The ionisation potential of hydrogen atom is 13.6 eV. How much energy need to be supplied to ionise the hydrogen atom in the first excited state?

• A. 13.6 eV
• B. 27.2 eV
• C. 3.4 eV
• D. 6.8 eV

Hint:

Ionisation energy = $|Eₙ|$ for that state.

Answer 1

The Correct Option is C

The ionisation potential of a hydrogen atom is given as 13.6 eV. This is the energy required to remove an electron from the ground state (n=1) of a hydrogen atom. To solve this problem, we need to determine the energy required to ionise the hydrogen atom from its first excited state (n=2).

1. The energy levels of a hydrogen atom are given by the formula:

\(E_n = -\frac{13.6}{n^2} \, \text{eV}\)

1. For the first excited state (n=2), the energy level is:

\(E_2 = -\frac{13.6}{2^2} \, \text{eV} = -\frac{13.6}{4} \, \text{eV} = -3.4 \, \text{eV}\)

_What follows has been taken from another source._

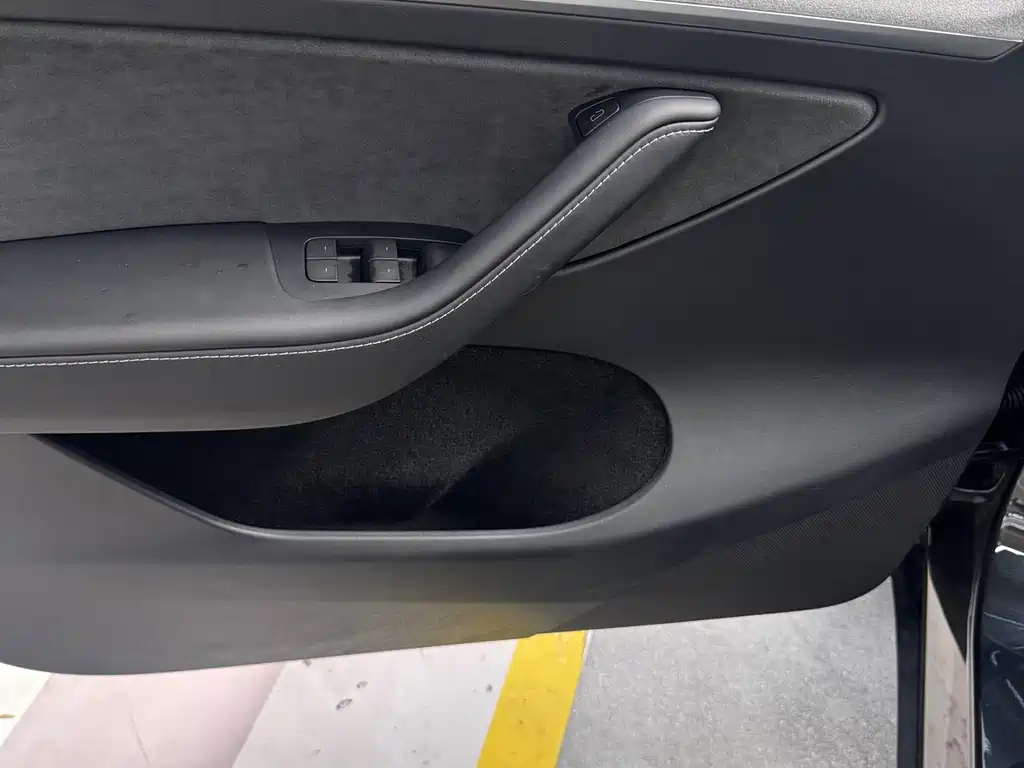 Tesla Model Y — миниатюра 7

1. To ionise the hydrogen atom from this excited state, the electron must be provided enough energy to reach 0 eV (which is the level at which the electron can escape the atom, i.e., ionisation).

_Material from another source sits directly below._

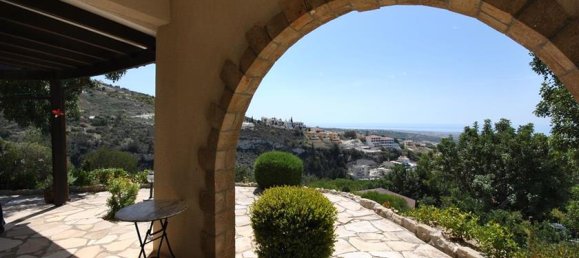 Вилла с 4 спальнями в Тала, Кипр № 10490 23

Thus, the energy required = 0 eV - (-3.4 eV) = 3.4 eV.

1. Therefore, the amount of energy needed to ionise the hydrogen atom in its first excited state is 3.4 eV. Hence, the correct answer is option:

3.4 eV

1. .

Other options can be ruled out as follows:

• \(13.6 \, \text{eV}\) is the energy required from the ground state (not applicable here as we are considering the first excited state).
• \(27.2 \, \text{eV}\) is irrelevant to our calculations involving n=2.
• \(6.8 \, \text{eV}\) does not match the calculation from energy level \(n=2\).